In a comment, you said
I have added graph and from graph we have seen that one square with vertices $(±\frac 12,0)$ and $(0,±\frac 12)$.
I think this is not correct since $(x,y)=(0,0)$ (which is inside the square) does not satisfy $\sin^2(\pi x)+\sin^2(\pi y)>1$.
After getting
$$\sin^2(\pi x)+\sin^2(\pi y)>1\iff \cos(2\pi y)<\cos(\pi-2\pi x)$$
one can do as follows :
$$\begin{align}&\cos(\pi-2\pi x)-\cos(2\pi y)\gt 0
\\\\&\iff -2\sin\bigg(\frac{\pi-2\pi x+2\pi y}{2}\bigg)\sin\bigg(\frac{\pi-2\pi x-2\pi y}{2}\bigg)\gt 0
\\\\&\iff \sin\bigg(\frac{\pi-2\pi x+2\pi y}{2}\bigg)\sin\bigg(\frac{\pi-2\pi x-2\pi y}{2}\bigg)\lt 0
\\\\&\iff \sin\bigg(\frac{\pi-2\pi x-2\pi y}{2}\bigg)\lt 0\lt\sin\bigg(\frac{\pi-2\pi x+2\pi y}{2}\bigg)
\\&\qquad\qquad \text{or}\ \sin\bigg(\frac{\pi-2\pi x+2\pi y}{2}\bigg)\lt 0\lt\sin\bigg(\frac{\pi-2\pi x-2\pi y}{2}\bigg)\end{align}$$
$$\small\iff \bigg(2k_1\pi\lt \frac{\pi-2\pi x+2\pi y}{2}\lt (2k_1+1)\pi\ \text{and}\ (2k_2+1)\pi\lt \frac{\pi-2\pi x-2\pi y}{2}\lt (2k_2+2)\pi\bigg)$$
$$\small\text{or}\ \bigg((2k_3+1)\pi\lt \frac{\pi-2\pi x+2\pi y}{2}\lt (2k_3+2)\pi\ \text{and}\ 2k_4\pi\lt \frac{\pi-2\pi x-2\pi y}{2}\lt (2k_4+1)\pi\bigg)$$
$$\small\iff \bigg(x+2k_1-\frac 12\lt y\lt x+2k_1+\frac 12\ \text{and}\ -x-2k_2-\frac 32\lt y\lt -x-2k_2-\frac 12\bigg)$$
$$\small\text{or}\ \bigg(x+2k_3+\frac 12\lt y\lt x+2k_3+\frac 32\ \text{and}\ -x-2k_4-\frac 12\lt y\lt -x-2k_4+\frac 12\bigg)$$
where $k_1,k_2,k_3,k_4\in\mathbb Z$.
With $x,y\in[-1,1]$, we see that the region is four squares.

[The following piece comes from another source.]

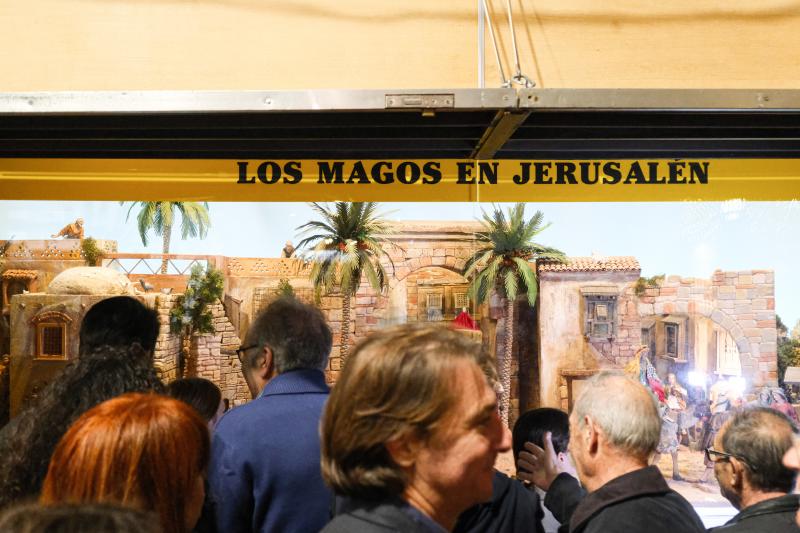 Inauguración del Belén de la Montañeta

a square whose vertices are $(1/2,0),(1,1/2),(1/2,1),(0,1/2)$
a square whose vertices are $(0,1/2),(-1/2,1),(-1,1/2),(-1/2,0)$
a square whose vertices are $(-1/2,0),(-1,-1/2),(-1/2,-1),(0,-1/2)$
a square whose vertices are $(0,-1/2),(1/2,0),(1,-1/2),(1/2,-1)$
Therefore, the area of the region is $4\times (\frac{\sqrt 2}{2})^2=\color{red}2$.